Après la fin de la guerre, le premier ministre pendant la guerre, Lloyd George, tenta d’absoudre tous les politiciens bourgeois du blâme de la conflagration. Elle était survenue presque par inadvertance, une sorte de confusion. Personne « à la tête des affaires ne voulait vraiment la guerre » en juin 1914, expliqua-t-il. Ce fut quelque chose où « ils glissèrent ou plutôt chancelèrent et trébuchèrent. » Il devait répéter cet argument dans ses mémoires de la guerre. « Les nations glissèrent par-dessus le bord et tombèrent dans le chaudron bouillonnant de la guerre sans aucune trace d’appréhension ou de désarroi. » Personne ne voulait la guerre. [7]

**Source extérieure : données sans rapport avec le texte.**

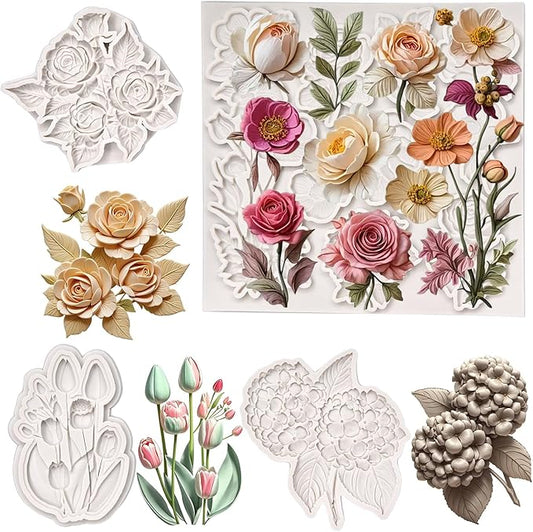 (Four-piece set) Rose and leaves, multiple floral designs, tulips, a string of fruits, DIY silicone molds, cake chocolate molds wedding cake decoration tools, soft candy cake molds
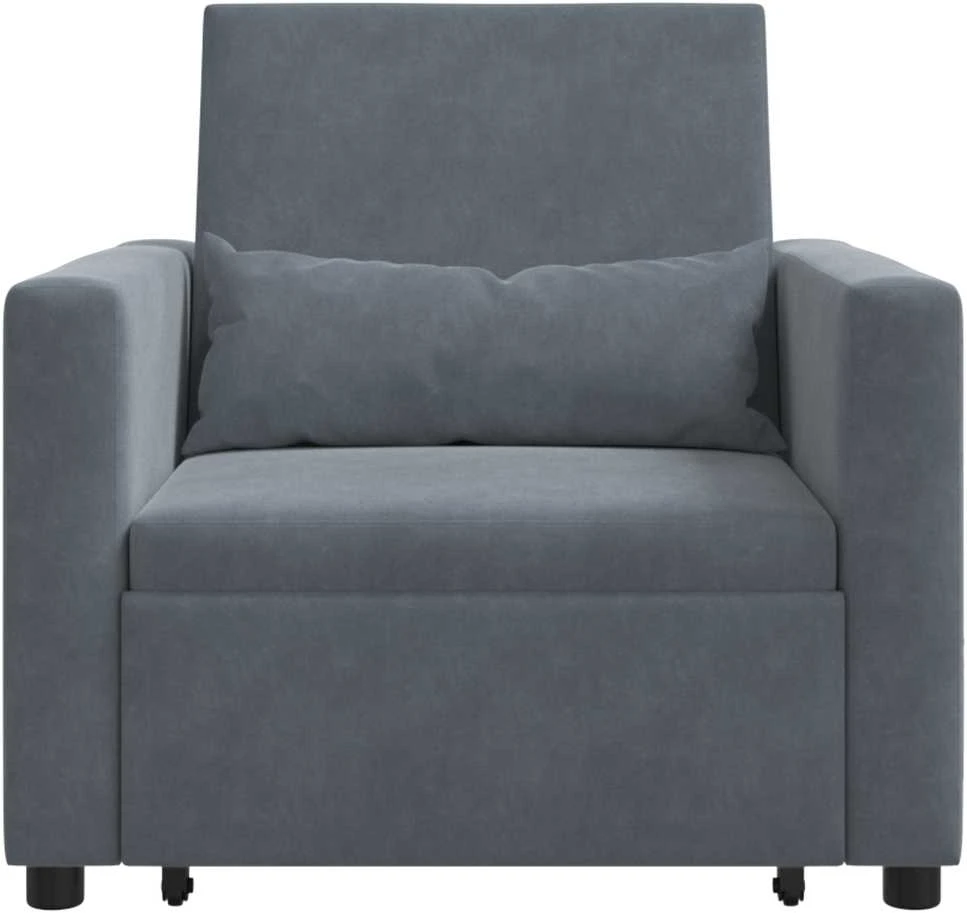 Fotelis Ištraukiamas sofa-lova vienvietis Tamsiai pilka Aksomas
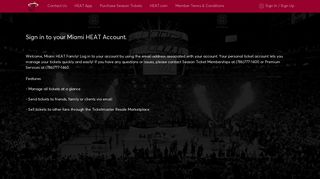Sign in to your Miami HEAT Account.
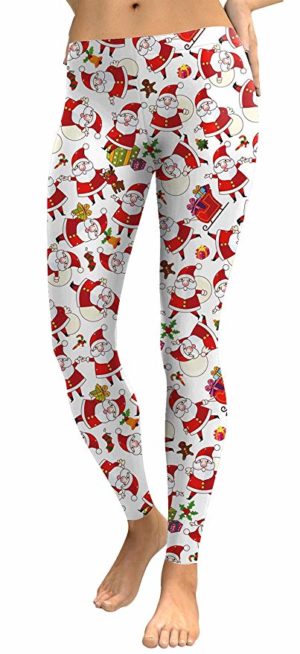 Fitness leggings covered with santas face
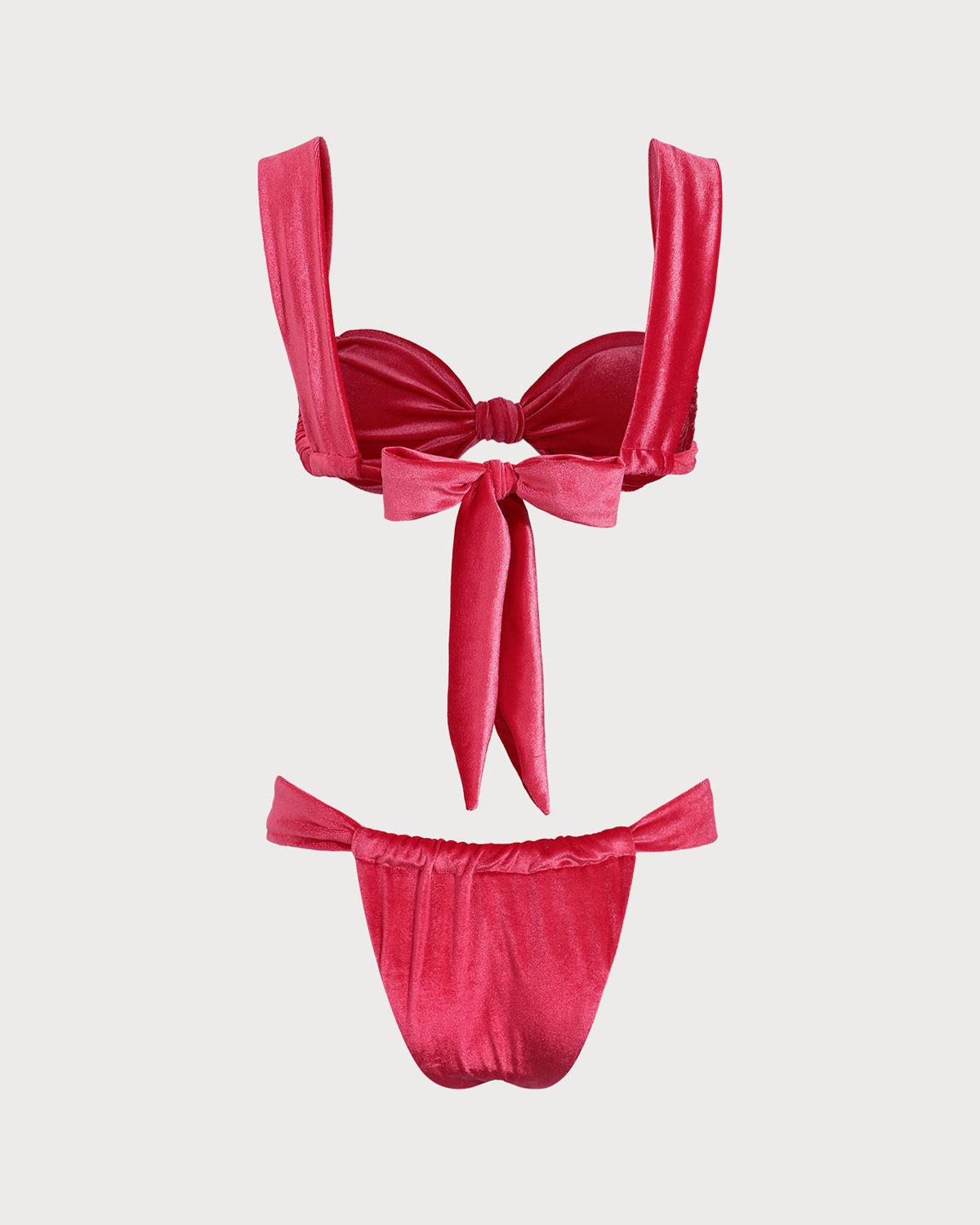 Pembe Kadife Twist Bikini Takımı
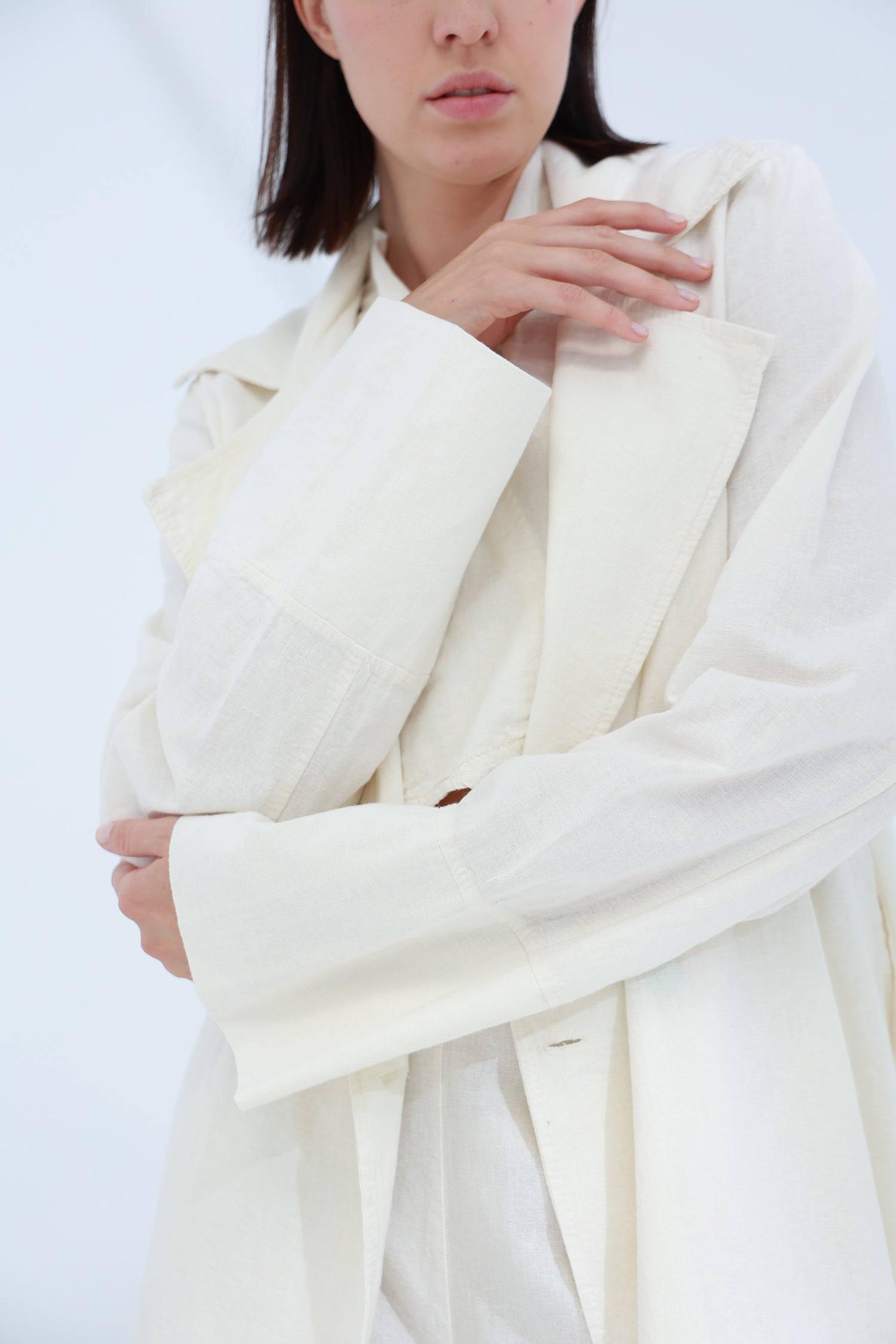 Colpo Long Linen Cardigan Burro | G Linen World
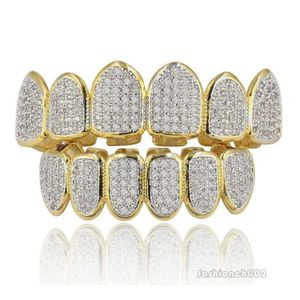 ICE Out Teath Grillz for Men Bling Bling Zirconia Zirconia Hiphop Jewelry Gold Plated Halloween Vampire Grillz free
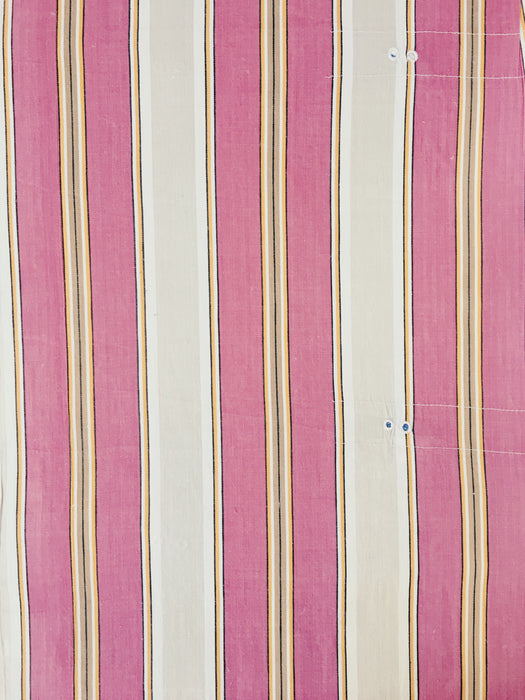 Ticking in hot pink and gray stripes. Spain c.1940 - 48×123 cm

Plus de neuf décennies plus tard, la question des origines de la Première Guerre mondiale a toujours une grande importance et une grande signification. La raison n’est pas difficile à trouver. Elle tient dans le fait, comme le formule l’historien américain et analyste de politique étrangère, George F. Kennan, que la guerre fut « la grande catastrophe séminale de ce siècle ». Les massacres routiniers dans les tranchées, dans lesquels vague après vague de jeunes gens — certains à peine plus que des enfants — étaient envoyés à maintes reprises « monter à l’assaut », inaugura une nouvelle époque de barbarie et entraîna la mort de millions de personnes.

Quelles sont les origines de cette catastrophe ? Sont-elles enracinées dans le mode de production capitaliste lui-même ? S’il en est ainsi, ceci n’établit-elle pas la nécessité de l’abolition du capitalisme ? Ces questions n’ont rien perdu de leur importance. La raison en tient au fait que, selon les mots de l’éminent historien français Elie Halevy, « La crise mondiale de 1914-18 ne fut pas seulement une guerre — la guerre de 1914 — mais une révolution — la révolution de 1917. » La révolution ne fut pas simplement un produit de la guerre. Elle fut conçue par sa direction comme ouvrant le chemin vers l’avant pour le développement de l’humanité, loin de la barbarie dans laquelle elle avait été plongée par les classes dirigeantes capitalistes.

 

Notes:
[1] War and the International (Colombo: Young Socialist Publications, 1971), p vii.
Traduit de l’anglais [N.D.T. : La traduction française disponible sur : http://www.marxists.org/francais/index.htm étant approximative, nous avons préféré retraduire depuis l’anglais, plus proche de l’original allemand]
[2] Traduit de l’anglais  Ibid, p. vii.
[3]
Traduit de l’anglais  Ibid, p. vii.
[4]
Traduit de l’anglais  Ibid, p. viii.
[5] Traduit de l’anglais  “Imperialism and the National Idea,” in Lenin’s Struggle for a Revolutionary International (New York: Pathfinder Press), pp. 369-370.
[6]
Traduit de l’anglais  War and the International, pp. vii-x.
[7]
Traduit de l’anglais  Cited in Hamilton and Herwig, Decisions for War, 1914-17 (Cambridge, 2004), p. 19.